DATA RECORDS Block Start

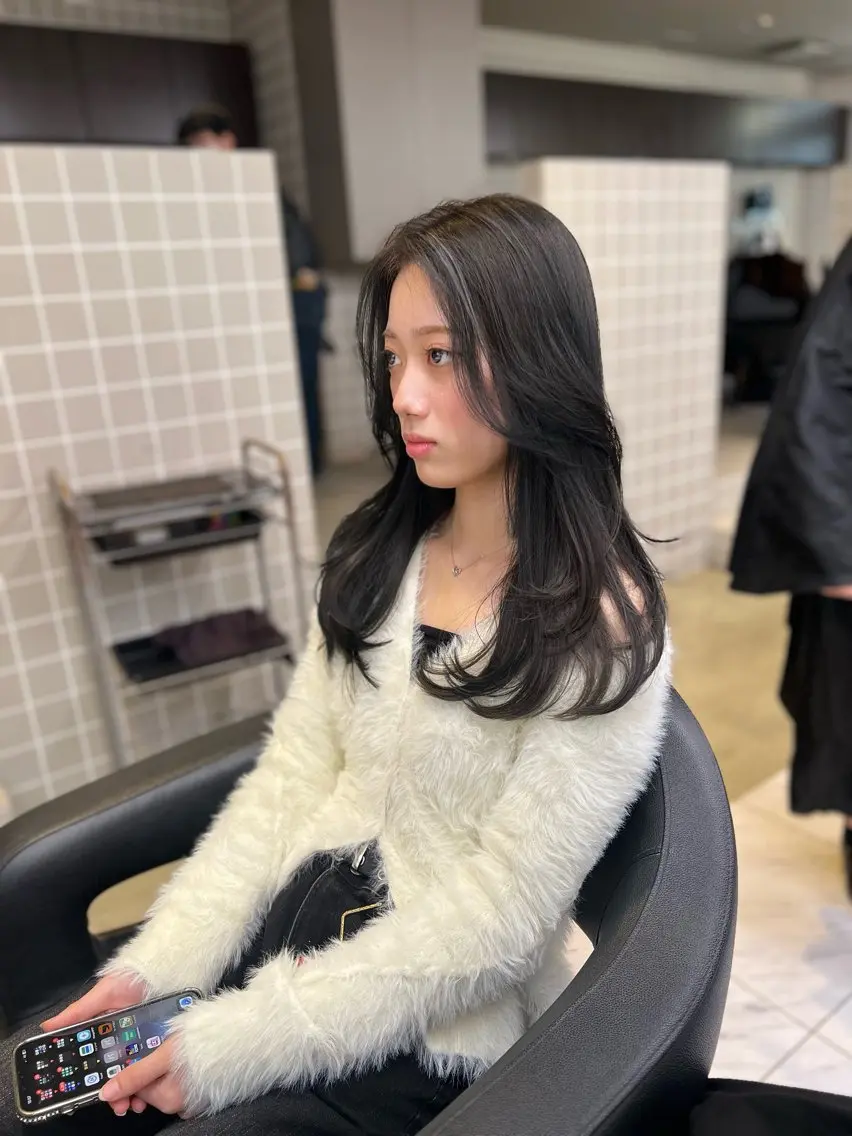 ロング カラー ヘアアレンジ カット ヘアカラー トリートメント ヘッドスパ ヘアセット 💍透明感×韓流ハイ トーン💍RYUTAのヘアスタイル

DATA RECORDS Block End
DATA RECORDS Block Start

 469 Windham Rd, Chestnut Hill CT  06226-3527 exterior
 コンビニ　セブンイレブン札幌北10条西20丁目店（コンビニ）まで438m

DATA RECORDS Block End

# WHAT TO PRODUCE:
Print, from the entries above, the line with "469 Windham Rd, Chestnut", the line with "コンビニ　セブンイレブン札幌北10条西20丁目店（コンビニ）まで438m" and all lines between them, exactly and with nothing else.

# RESPONSE BELOW:
 469 Windham Rd, Chestnut Hill CT  06226-3527 exterior
 コンビニ　セブンイレブン札幌北10条西20丁目店（コンビニ）まで438m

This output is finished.